Python's scikit-learn
package has a convenient pipe
function that can combine machine learning techniques into one model with fitting and predicting functions. I was following this tutorial for chaining PCA and logistic regression and everything works as expected but I am having trouble describing this in terms of math notation because I am unsure what is really going on.
I know PCA algorithm is as follows:
- Normalize/standardize data matrix: $Y=HX$
- Calculate covariance matrix: $S=\frac{1}{n-1} Y^T Y$
- Eigenvalue Decomposition: $S = Z \Lambda Z^{-1}$
- Find PC Scores of original data: $T_L=YZ_L$
Where the transformation matrix is $Z_L$, and $L$ is the number of principal components used. Therefore, we can compress the original data using $T_L = Y Z_L$, where $T_L$ still has the same number of rows but only $L$ columns, thereby resulting in a reduced dataset.
How do I then combine the resulting $T_L$ matrix which is my transformed data with a multinomial ($>2$ classes) logistic regression?

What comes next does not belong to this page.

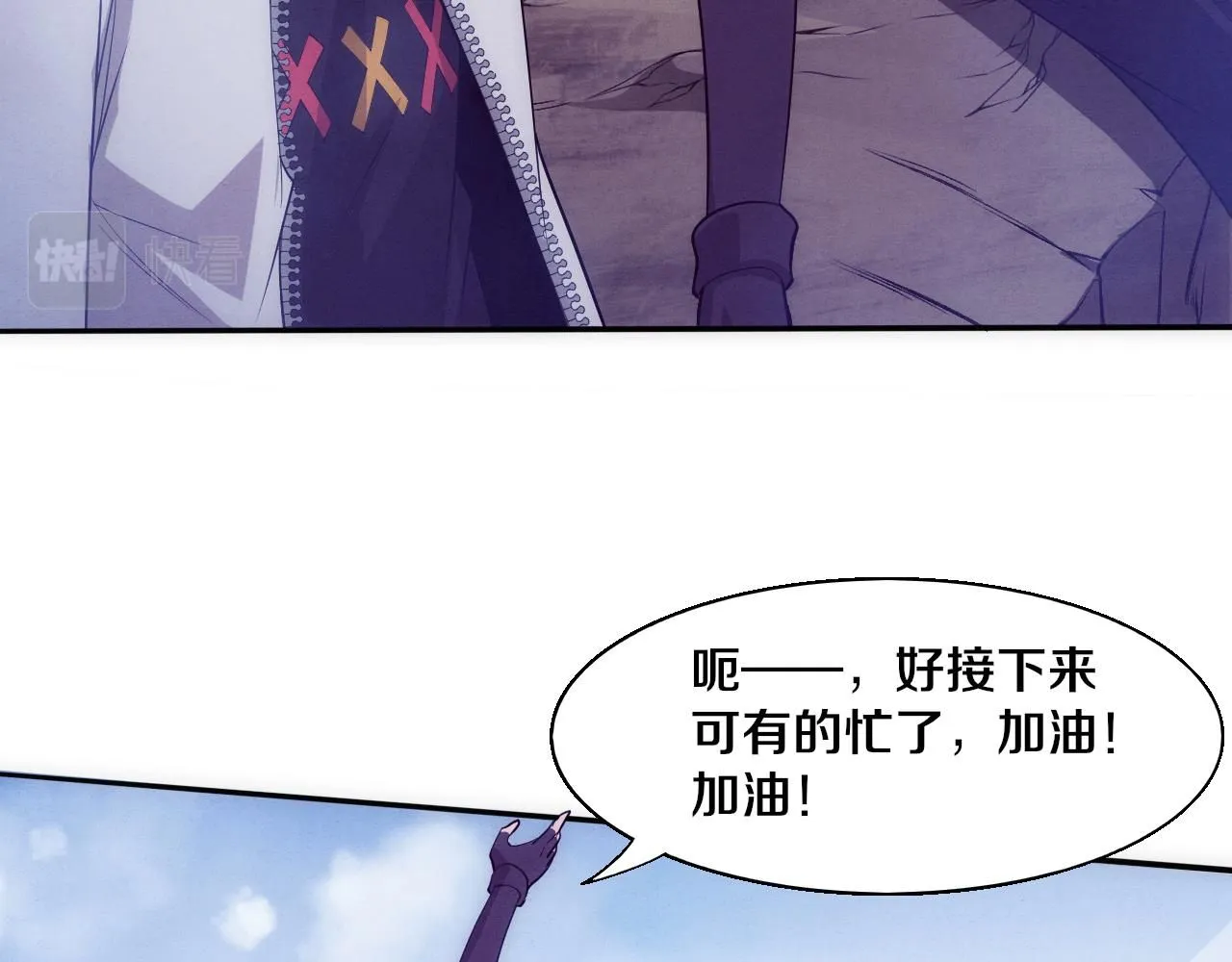 第141话 段飞的过去？ 第51页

I know multinomial logistic regression model is something like: Suppose the response variables has $K$ levels in the space $G=\{0,1,2,...,K\}$, representing the set of possible classes. The probability of determining a particular class is defined as,
$$Pr(G=k | X=x) = \frac{e^{\beta_{0k}+\beta_k^Tx}}{\sum_{l=1}^K e^{\beta_{0k}+\beta_k^Tx}}$$
But I do not know how to relate the two in a logical manner. (Or how the cost function should be defined.)